# Electric Chair



## jrzmac (Aug 22, 2006)

Finally getting my electric chair together. started it about 2 or 3 years ago. finally built the chair end of it. still needs some sanding and stain. now i need to get a pair of stage hands, and a few other odds and ends. (smoke etc.)


----------



## krypt (Oct 25, 2005)

DAAAAAMN! Thats creepy!


----------



## slightlymad (May 25, 2006)

Nice movement


----------



## Richie (Jan 4, 2007)

I freak'n love it


----------



## Lilly (Jun 13, 2006)

Thats pretty cool ...


----------



## ScareFX (Aug 18, 2004)

It's looking good jrzmac.


----------



## Dr Morbius (Sep 21, 2004)

That's Terrific movement!

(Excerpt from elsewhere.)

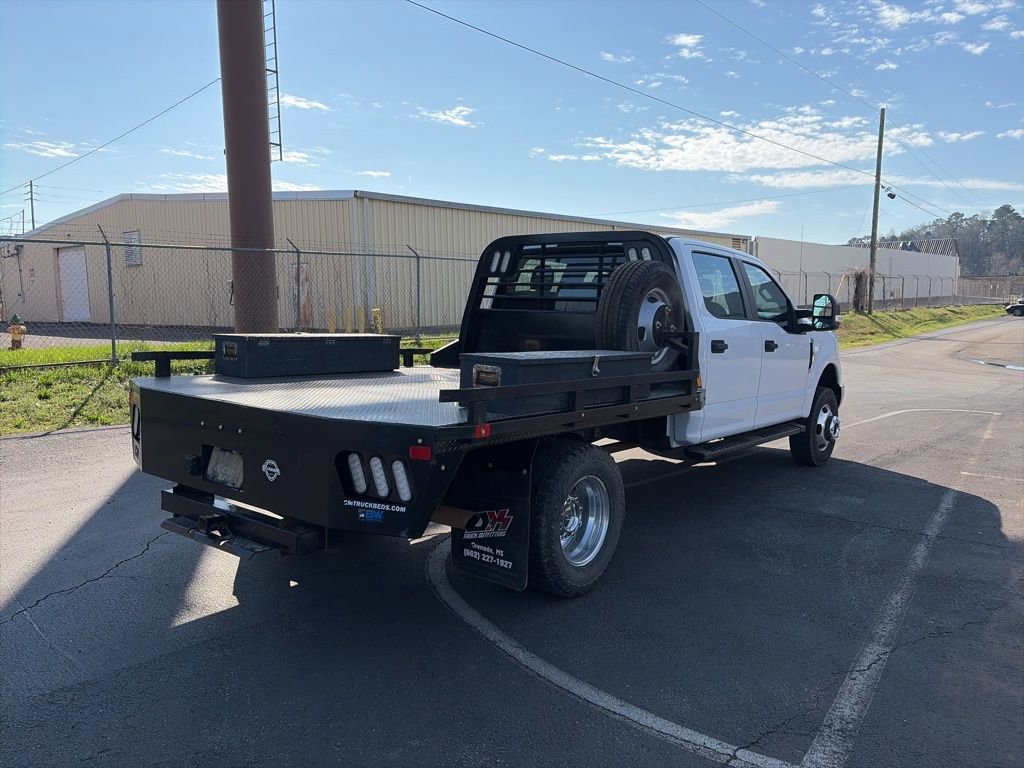 Used 2019 Ford F350 XL w/ Power Equipment Group image 7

Any details you could share on the mech?


----------



## jrzmac (Aug 22, 2006)

no how to or anything, but i did put some pics together so you can see the guts. basically a 2" cylinder attached from say his stomach to his crotch. a sprind on his spine so he can bounce back. not the most professional job but i think he'll do. a puppet master controls the whole jerking motion. tap the button to however you want it to go and it repeats what you put in. 
http://img72.imageshack.us/slideshow/player.php?id=img72/3379/11733202085sl.smil


----------



## Dr Morbius (Sep 21, 2004)

Pretty neat! I'm fascinated with pneumatic props although I've yet to attempt it. Still need to save up for a compressor and all the other goodies that you need. Thanks for sharing the pics!


----------